Rising electricity prices are not a big deal for wealthy Californians who live near the coast and don’t use much air conditioning or heating. They can easily absorb those higher costs. But for low-income Californians, particularly ones living far from the coast and need lots of air conditioning in the summer and electric heat in the winter, it’s an entirely different story. But higher electricity prices are only one aspect of California’s regressive energy policies. Expensive motor fuel also exacts a higher toll on the poor than on the wealthy. Last summer, motorists in the state began paying an additional 3-cent-per-gallon tax on gasoline, a move that made California’s motor fuel even more expensive. Today, according to AAA, motorists in the state are paying an average of $4.83 per gallon for gasoline, which is roughly 40% more than motorists in the rest of the U.S


California’s surging electricity costs have coincided with increasing renewable energy mandates and the closure of the San Onofre Nuclear Generating Station in 2012. In 2015, Governor Jerry Brown signed a law that boosted the mandate to 50% by 2030. In 2018, California lawmakers imposed yet another mandate that requires the state’s electric utilities to procure at least 60% of their electricity from renewables by 2030 and 100 percent “zero-carbon” electricity by 2045. In 2022, Gov. Gavin Newsom signed into law a measure that “creates clean electricity targets of 90% by 2035” and reaffirmed the state’s target of 100% “clean electricity” by 2045.

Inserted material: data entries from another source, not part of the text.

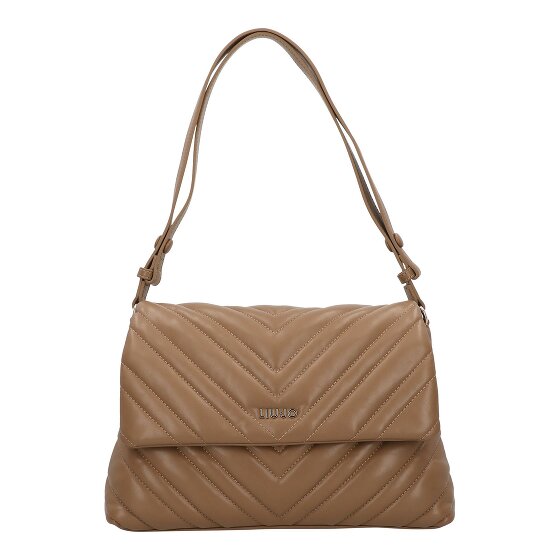 Liu Jo Lunny Borsa a tracolla M 32 cm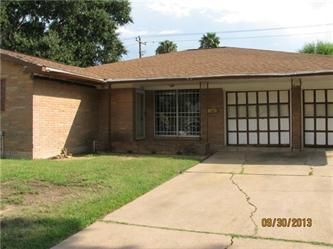 7906 Wilmerdean Street, Houston, TX 77061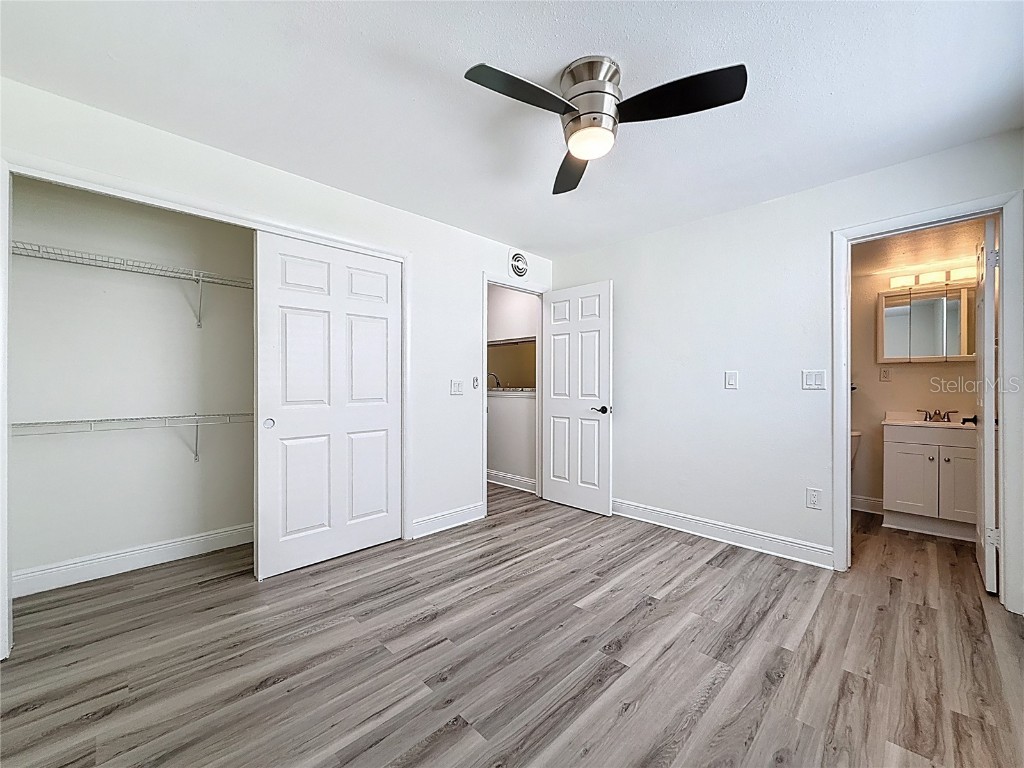 1301 S Howard Avenue #A6 Tampa FL 33606 TB8417972 image23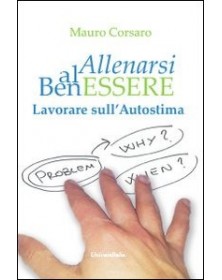 Allenarsi al Benessere -...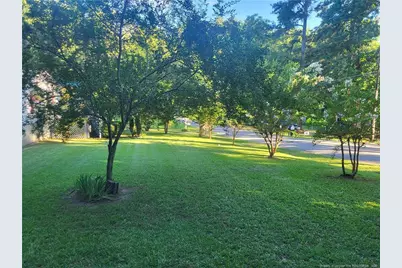 716 Pinecrest Street, Carthage, NC 28327 - Photo 40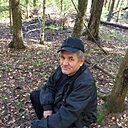 Николай, 63 года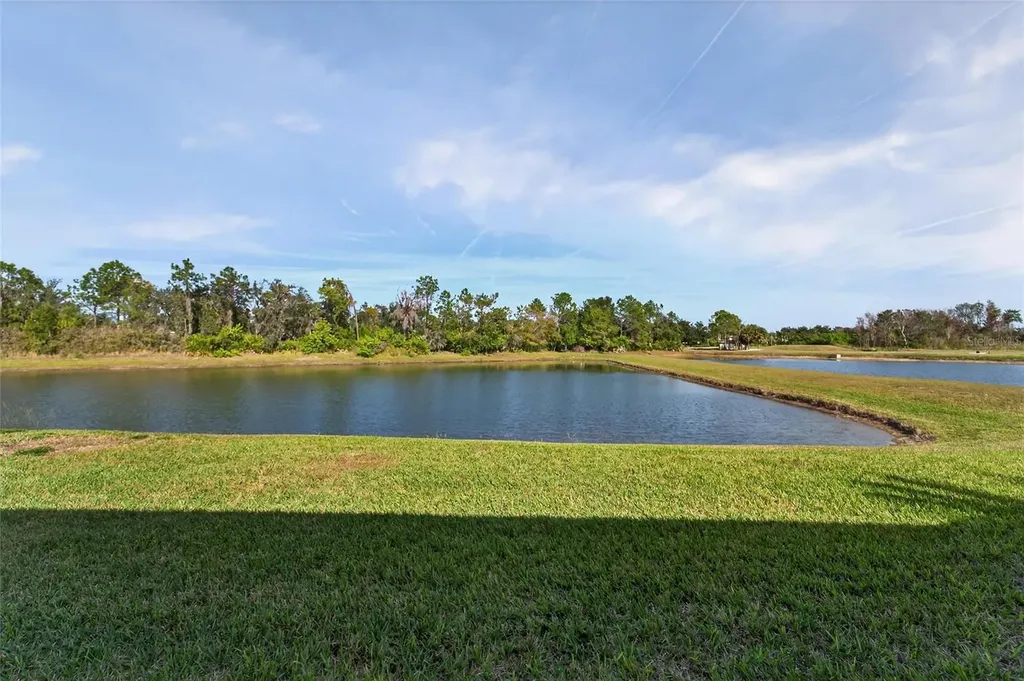 2243 Oakley Green Drive Sun City Center FL 33573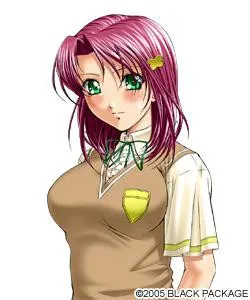 Inou Miki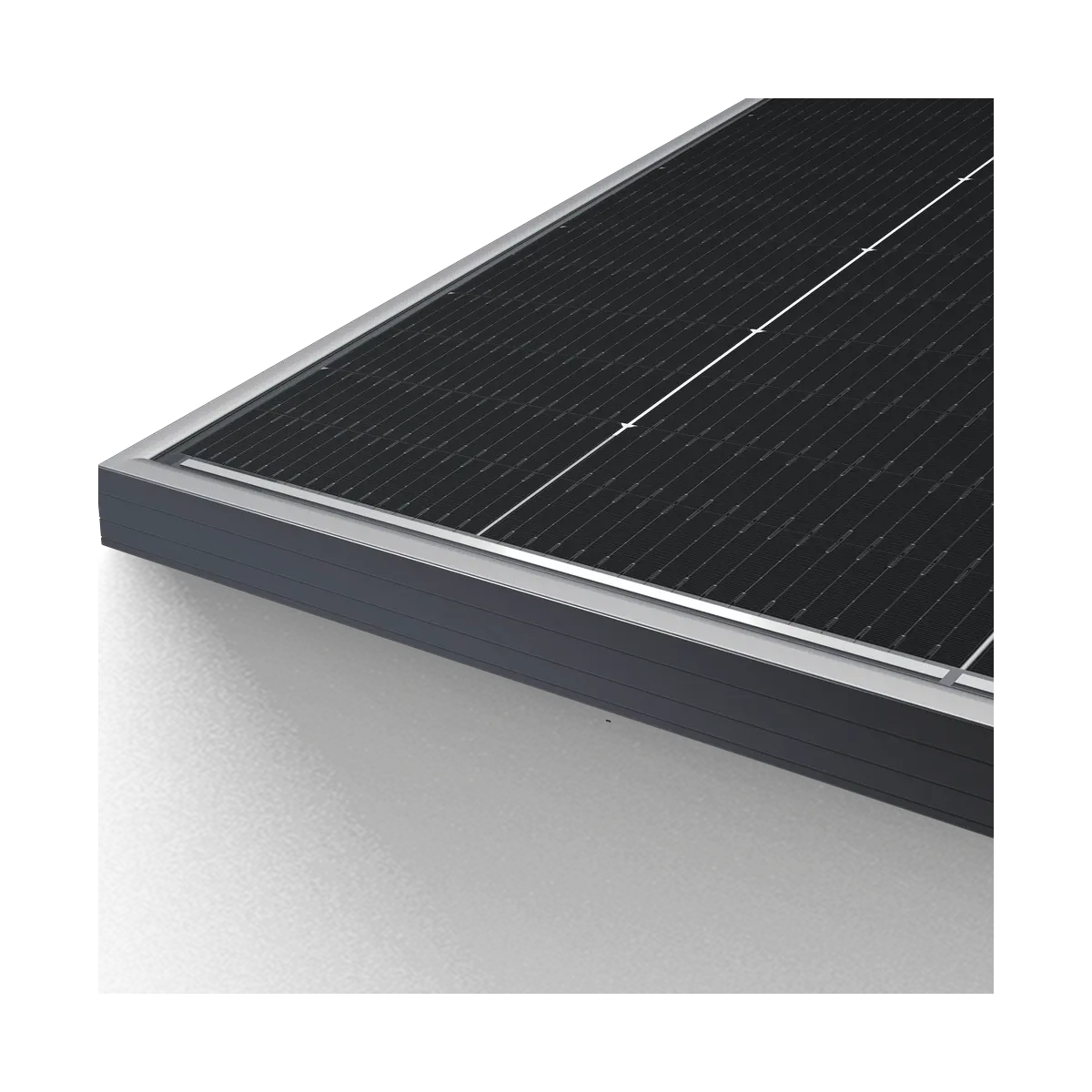 Tongwei TWMNH-66QD 645–670 W (TNC3.0 TOPCon) 3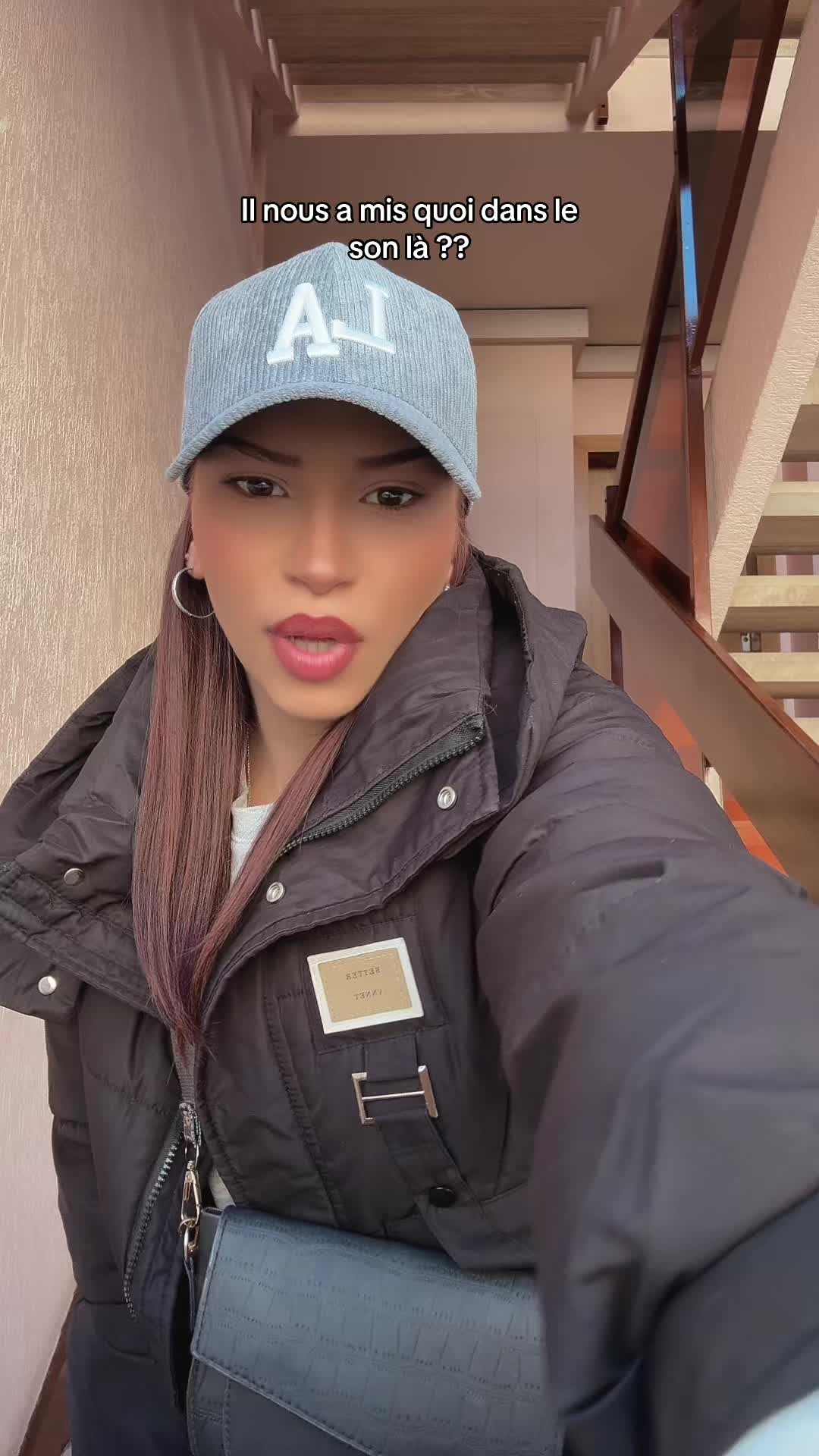 @Laddyy🇦🇱🇽🇰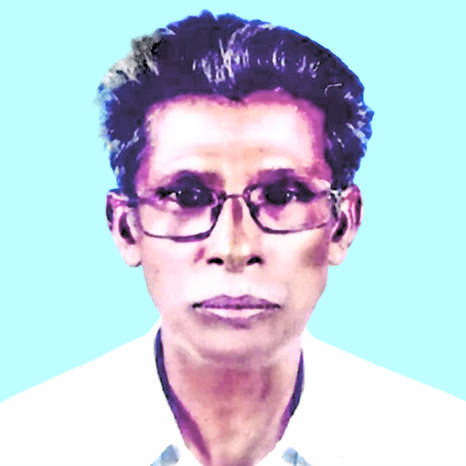 shangrapilla shangrapilla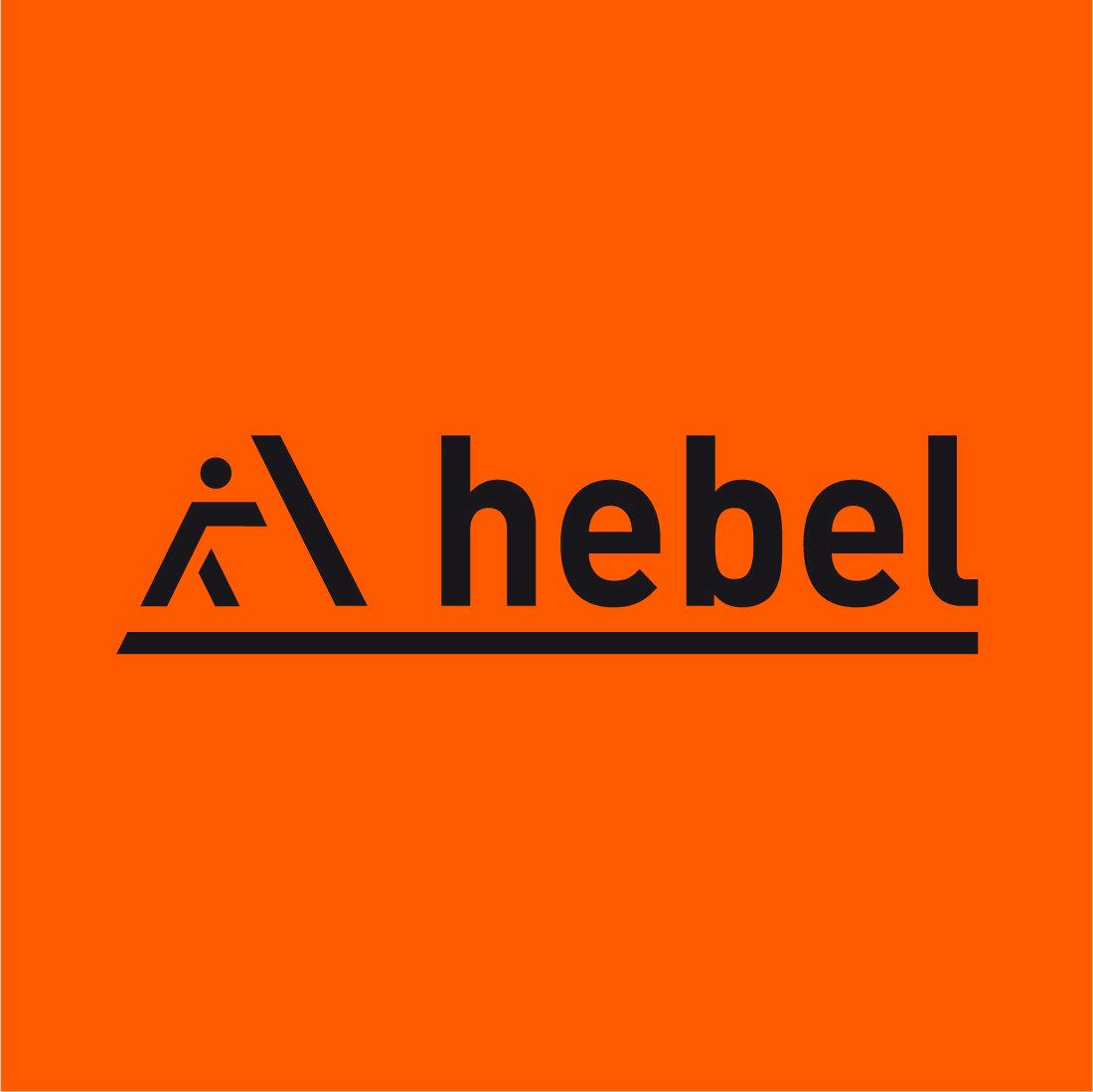 HEBEL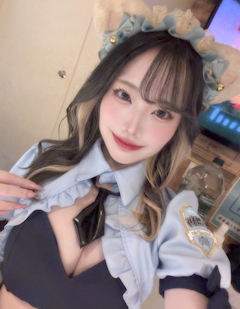 プロフィール写真1・あいり|あにぽり 秋葉原店・アニポリ アキハバラテン - 秋葉原のコンカフェ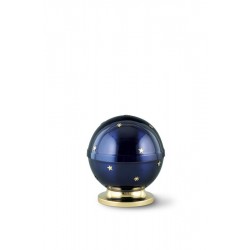 Urn KD-06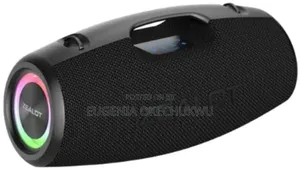 Zealot Speaker S78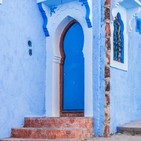 La desaceleración europea llega a Marruecos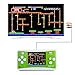 JJFUN RS-1 Handheld Game Console for Kids,Classic Retro Game Player with 2.5
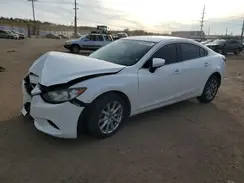 JM1GJ1U56G1421846 2016 MAZDA 6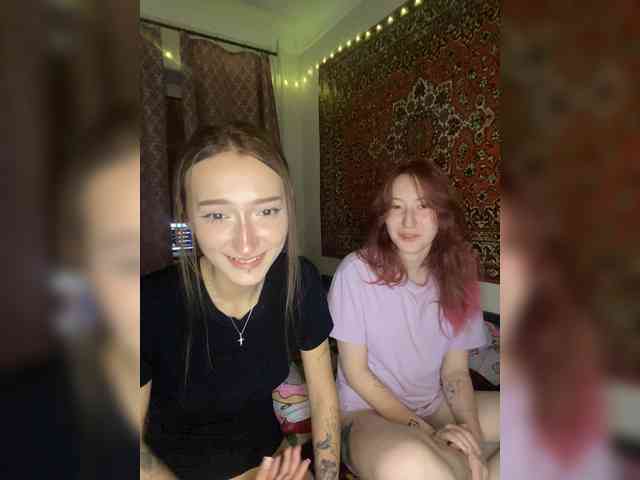 mayadashaaa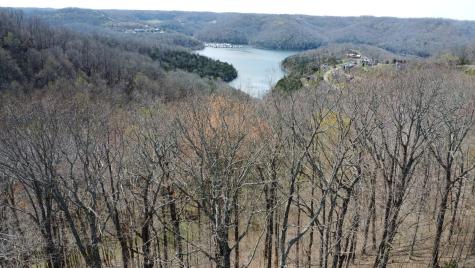4 Seaton Drive Smithville TN 37166
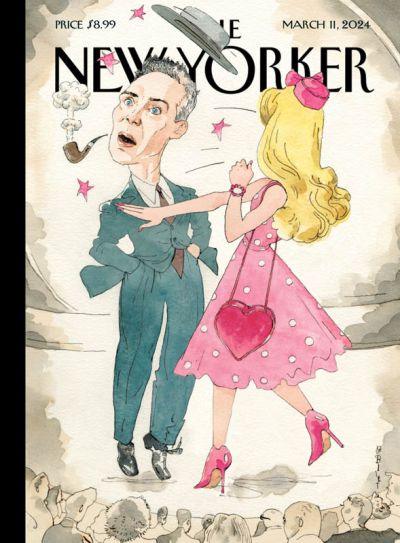 The-New-Yorker-11-Mach-2024.jpg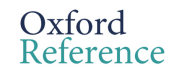 Oxford English Dictionary logo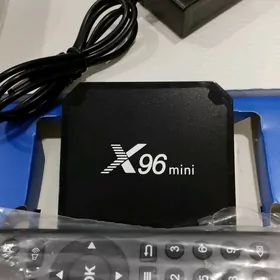 ANDROID X 96 mini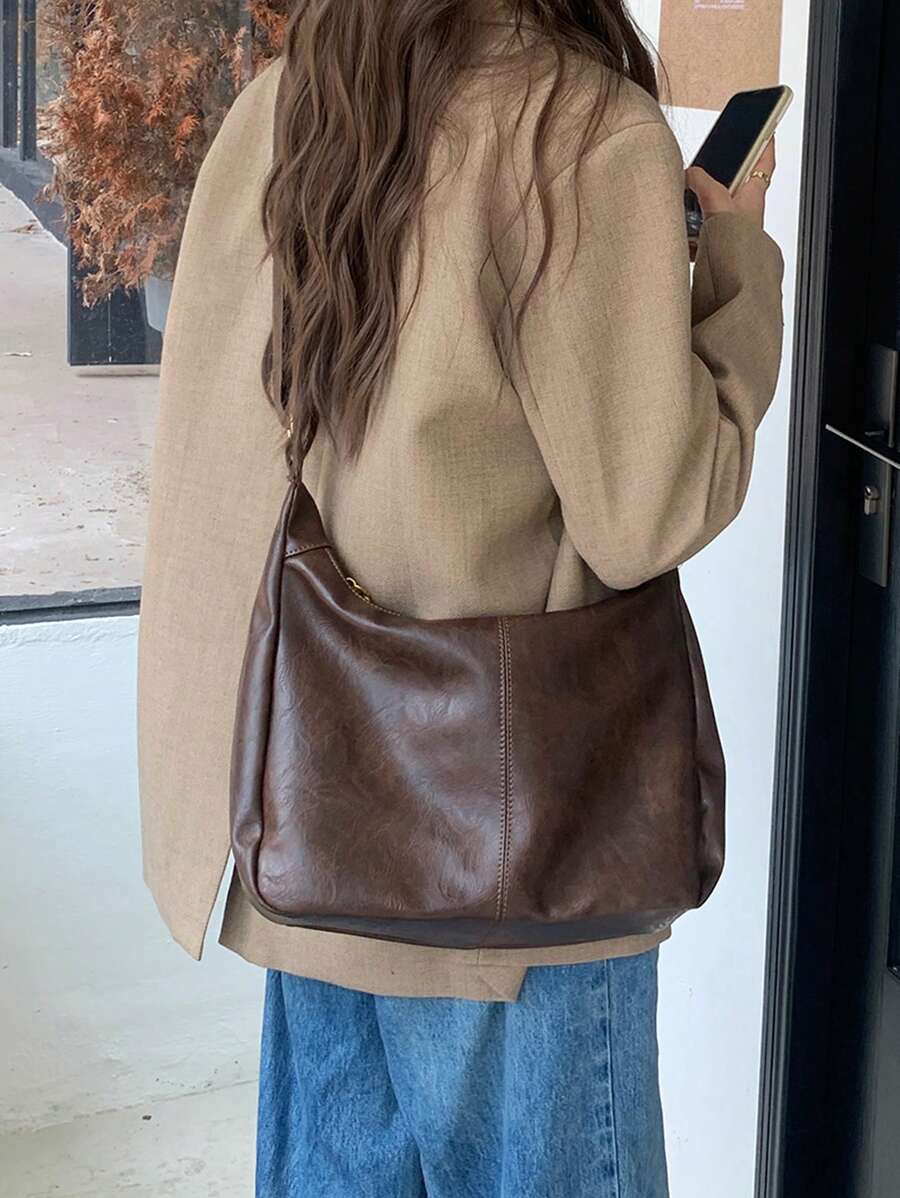 Solène Marais Bag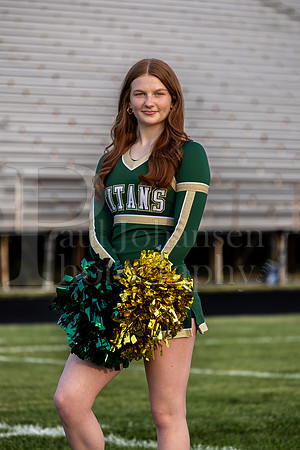 Boylan Cheer Seniors Photo Shoot 8-22-2024-0635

Since 2008, when Schwarzenegger mandated renewables in the electric sector, California’s residential electricity prices have increased more than three times faster than those in the rest of the country. As can be seen in the graphic below, residential electricity prices in the state jumped by 12.4 cents per kilowatt-hour while prices in the rest of the country increased by less than four cents per kilowatt-hour.

Those prices will continue soaring. Last year, the California Public Utilities Commission unanimously approved a scheme that aims to add more than 25 gigawatts of renewables and 15 gigawatts of batteries to the state’s electric grid by 2032 at an estimated cost of $49.3 billion. In addition, the California Independent System Operator released a draft plan to upgrade the state’s transmission grid at a cost of some $30.5 billion. The combined cost of those two schemes is about $80 billion. Dividing that sum among 39 million residents works out to about $2,050 for every Californian.

But the final price will undoubtedly be far more than $80 billion. Big public works projects routinely exceed initial estimates; California’s beleaguered high-speed rail project was expected to cost $33 billion when it was approved by voters back in 2008. The latest cost estimate: a mind-boggling $128 billion. The California High Speed Rail Authority said the cost increases are due to  “inflation/escalation, enhanced scope definition and greater contingency for risk.”

Since 2008, when then-Gov. Arnold Schwarzenegger signed an executive order mandating the state’s utilities get a third of their electricity from renewables, electricity prices have increased at a rate three times faster than the rest of the U.S. Photo credit: Dale Frost of the Port of San Diego.

Last September, while signing into law a slew of climate-related bills, Gov. Newsom declared that the state was taking the “most aggressive action on climate our nation has ever seen…That’s climate action done the California Way -– and we’re not only doubling down, we’re just getting started.”

In other words, last year’s 15% increase in electricity prices was just an amuse-bouche. More big rate hikes are on the way.

The punchline here is obvious: California provides a stark warning to the rest of the United States about how NOT to manage an electric grid. Aggressive renewable energy mandates may be politically popular, but they come with exorbitant price tags that punish the poor and provide negligible (if any) cuts in COemissions.